Turkey Berries are used in Ayurveda and Siddha medicines. It is used to cure liver and kidney disorders, nerve conditions and night blindness. It is also used to relieve stomach ailments, as a diuretic, for curing stomach ulcers and to rid intestinal worms. Modern Science has demonstrated the ability of this plant to exhibit anti-oxidant, cardiovascular, immunomodulatory and nephroprotective benefits. Sundakkai (Turkey Berries) are also good for bones and teeth. It has anti-bacterial and anti-fungal properties too. Studies show that it can stop excessive cell growth and this help protect against lung cancer. It also posses sedative, diuertic and digestive properties. The leaves of the the plan have anti-microbial properties, and hence can be applied to cuts and wounds.
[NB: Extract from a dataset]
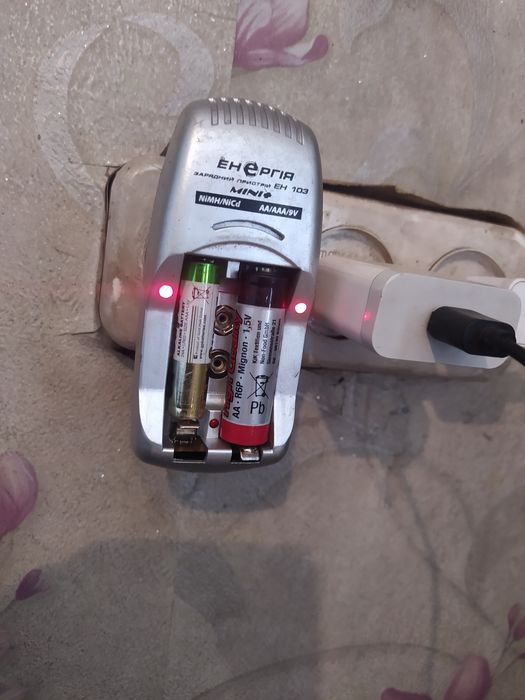 Зарядное  аккумуляторов ЗУ-Д-0,06  батареек.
Sundakki (Turkey Berries) have also been traditionally used to cure diabetes. Studies show that dry Sundakki in powder form improves lipid profile, glycated protiens and amino acids in non-insulin dependent diabetic patients. It is also used in the treatment of hypertension by reducing the high blood pressure. Turkey berries contains saponins, flavonoids, alkanoids and glycosides. This helps regulate menstruation. It also prevents the platelets in blood from sticking together, thus helping to prevent heart attacks. It is a very powerful antioxidant which can prevent cardiovascular diseases and strokes.
Traditional Ways Of Consuming Sundakkai
- Fry the sundried berries, add asafoetida to it. Eat with rice and clarified butter/yoghurt
- Roast the berries in butter, ghee or oil and eat them one at a time
- Powder the sundried berries. Add a tablespoon of this powder + pepper powder to hot cooked rice and mix with some gingelly oil/coconut oil.